As many know, Korea is Australia's third largest export market and our fourth largest trading partner. This is a very significant agreement. The Korea-Australia Free Trade Agreement will benefit Australian exporters, importers, workers, consumers and investors by opening markets and freeing trade and investment between Australia and Korea. With now 70 per cent of all the world's export output in goods and services going as inputs into other final products, the global supply chain issues are now of fundamental importance. Sometimes products can end up going across borders five or six times before they end up in a final product. So the ease with which you get customs arrangements, the services that sit around so many of these production processes, and intermediate goods and services have all become more and more important.

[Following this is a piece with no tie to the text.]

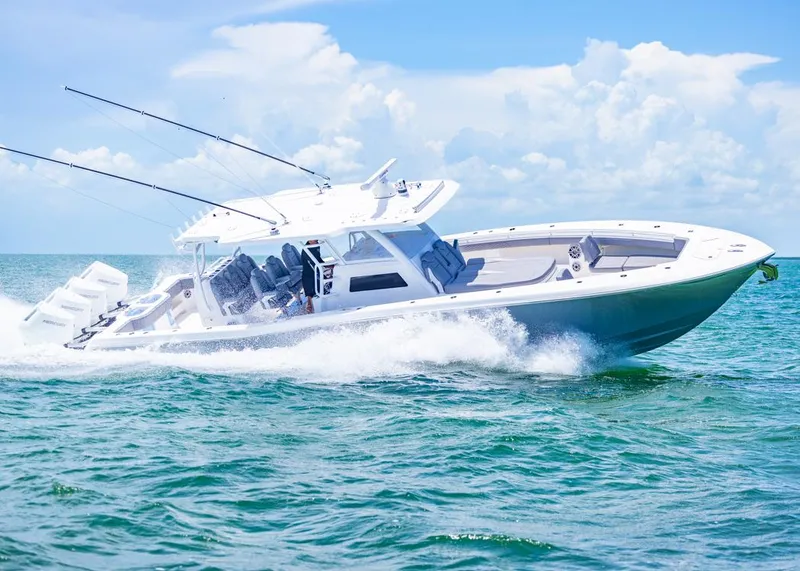 Slide: The Image of 2025 Invincible 43 Open Fisherman boat cruising on clear blue ocean waters. - 49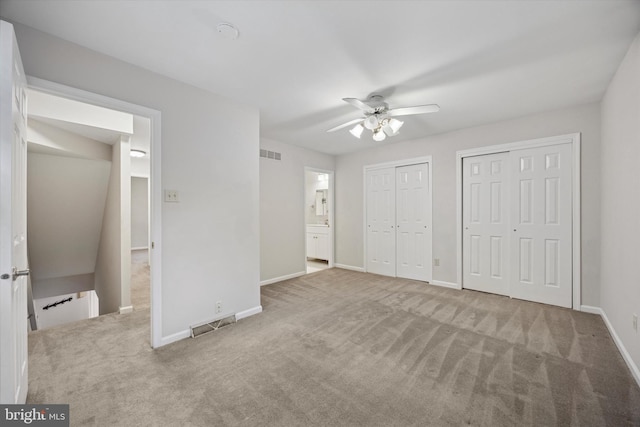 413 Eagle Rd # 7, Wayne, PA 19087 - unfurnished bedroom with two closets, carpet, and baseboards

It is only 25 years ago that 20 per cent of total world exports went in as inputs into products. It is now 70 per cent. This is now very much a global village as far as business being done, and it is quite critical to get a more seamless process existing across borders, especially between our big trading partners. For so many of the highly sophisticated manufacturing products that Korea is known for, in so many cases Australia is, in a very competitive way, able to sell inputs into those processes and products and are doing so. This agreement will make those transactions more profitable and certainly make Australian manufacturing industry far more competitive in terms of maintaining and growing those sorts of relationships into Korea.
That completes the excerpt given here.